What the task asks: You are asked to reproduce the listing exactly and to omit its pictures.
==== Records for processing ====
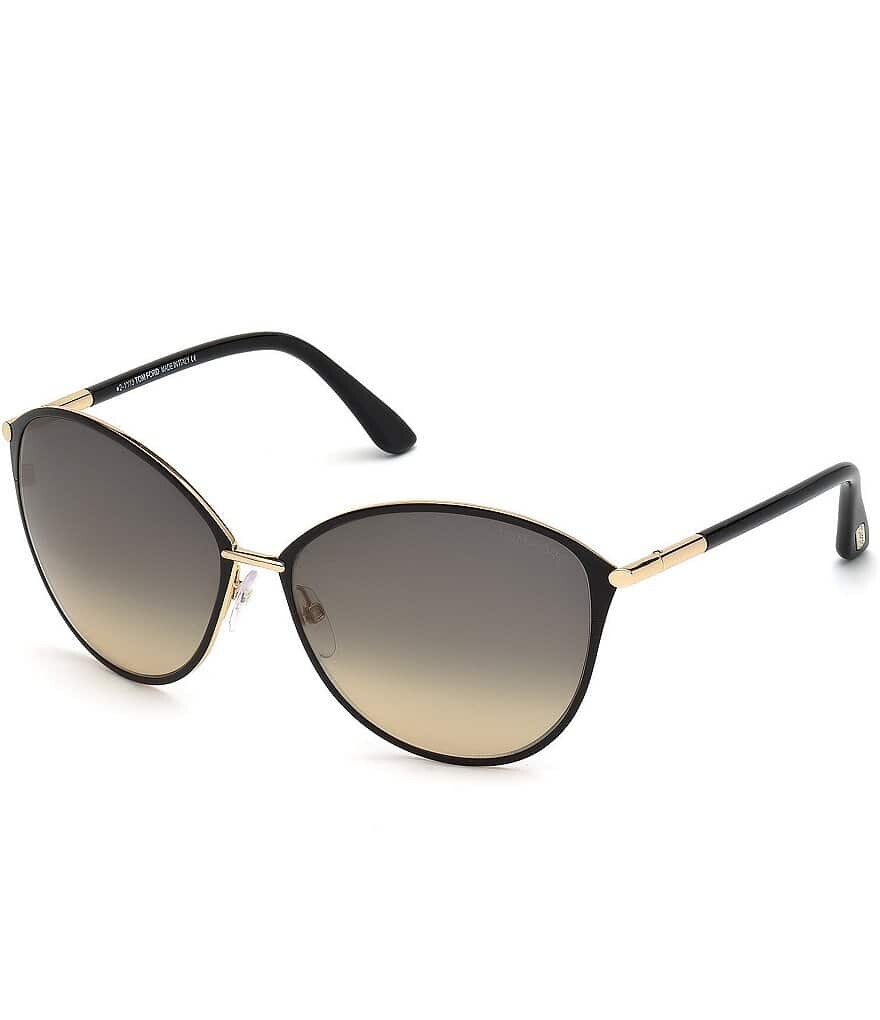 

Женские круглые солнцезащитные очки TOM FORD Penelope 59 мм, черный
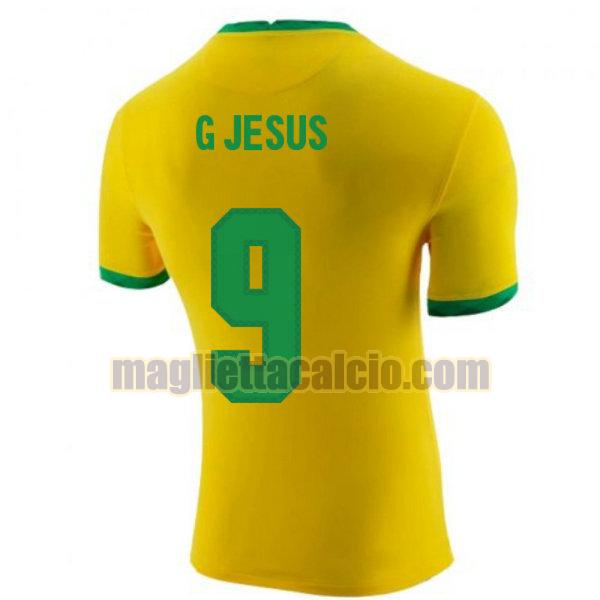 maglia g jesus 9 brasile uomo prima 2020-2021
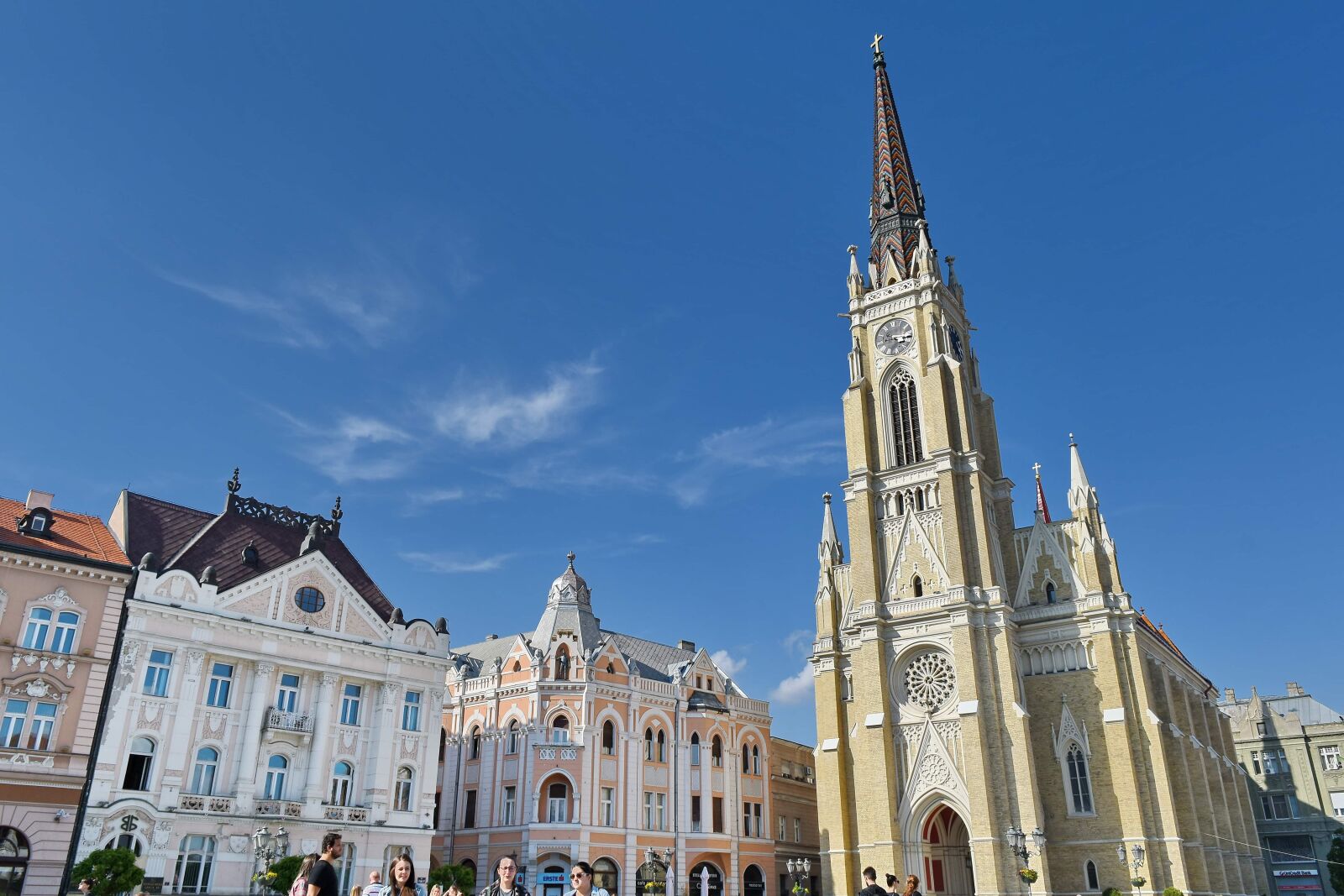 Nikon D5500 sample photo. Church tower, downtown, tourist photography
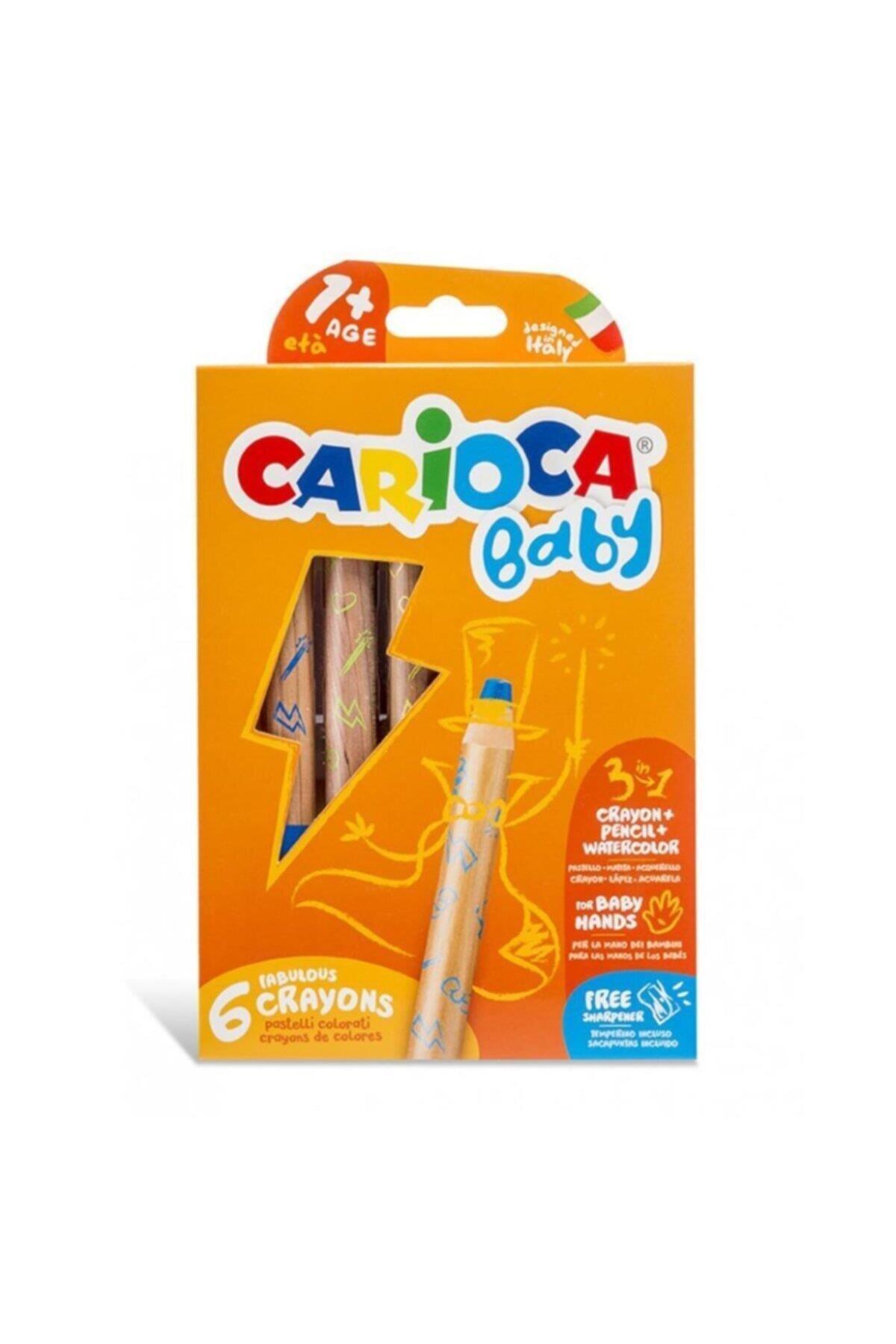 Carioca Kuru Boya Jumbo Bebek Ahşap Gövdeli 3 IN 1 42817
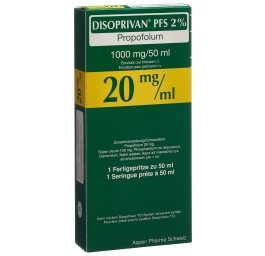 DISOPRIVAN PFS 2% 1 g/50ml ser pré 50 ml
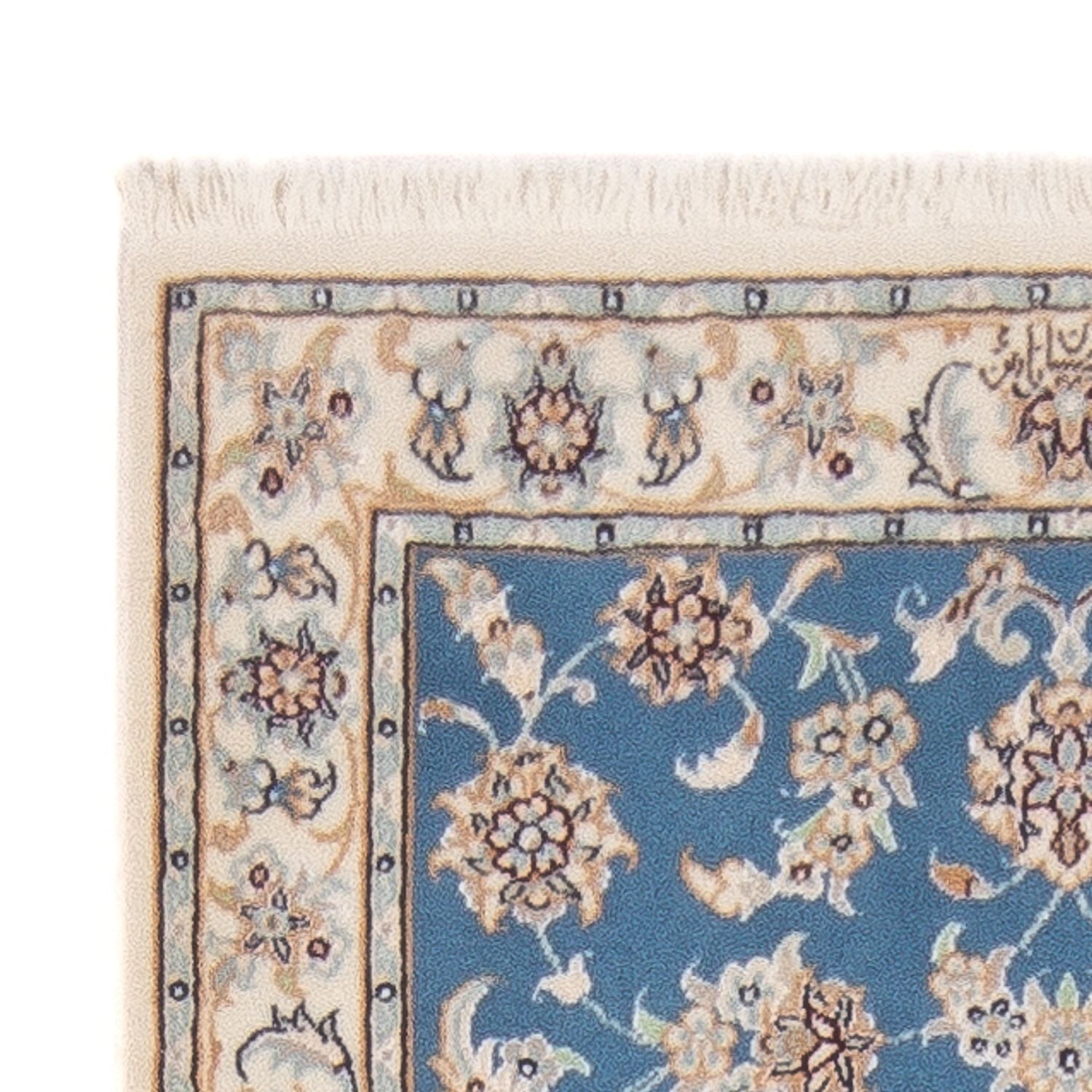 Alfombra de pasillo Alfombra Persa - Nain - Prima - 245 x 82 cm - azul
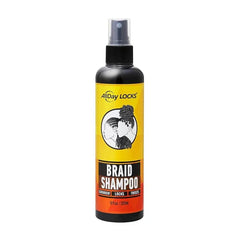 AllDay Locks Braid Shampoo 8oz | Rinse-Free Cleanser for Braids & Locs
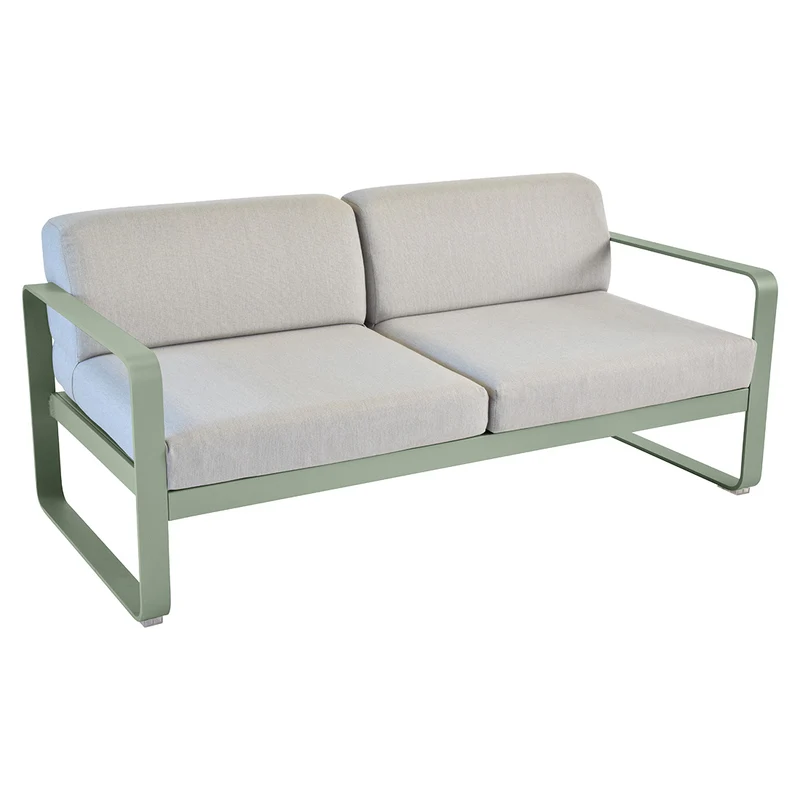 Fermob Bellevie Sofa 2-Seater with Premium Cushions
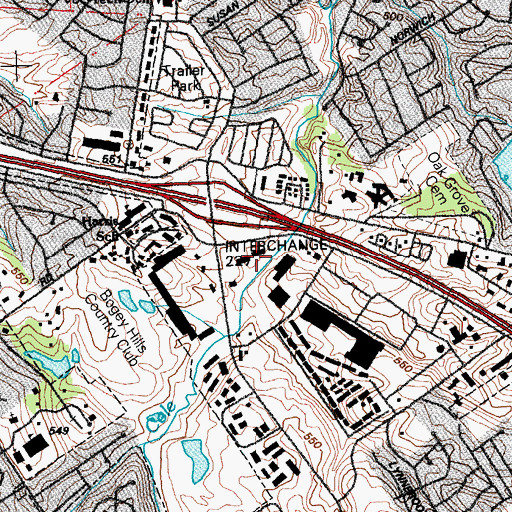 Topographic Map of Regency Square Shopping Center, MO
====
Solution for this problem:
Женские круглые солнцезащитные очки TOM FORD Penelope 59 мм, черный
 maglia g jesus 9 brasile uomo prima 2020-2021
 Nikon D5500 sample photo. Church tower, downtown, tourist photography
 Carioca Kuru Boya Jumbo Bebek Ahşap Gövdeli 3 IN 1 42817
 DISOPRIVAN PFS 2% 1 g/50ml ser pré 50 ml
 Alfombra de pasillo Alfombra Persa - Nain - Prima - 245 x 82 cm - azul
 AllDay Locks Braid Shampoo 8oz | Rinse-Free Cleanser for Braids & Locs
 Fermob Bellevie Sofa 2-Seater with Premium Cushions
 Topographic Map of Regency Square Shopping Center, MO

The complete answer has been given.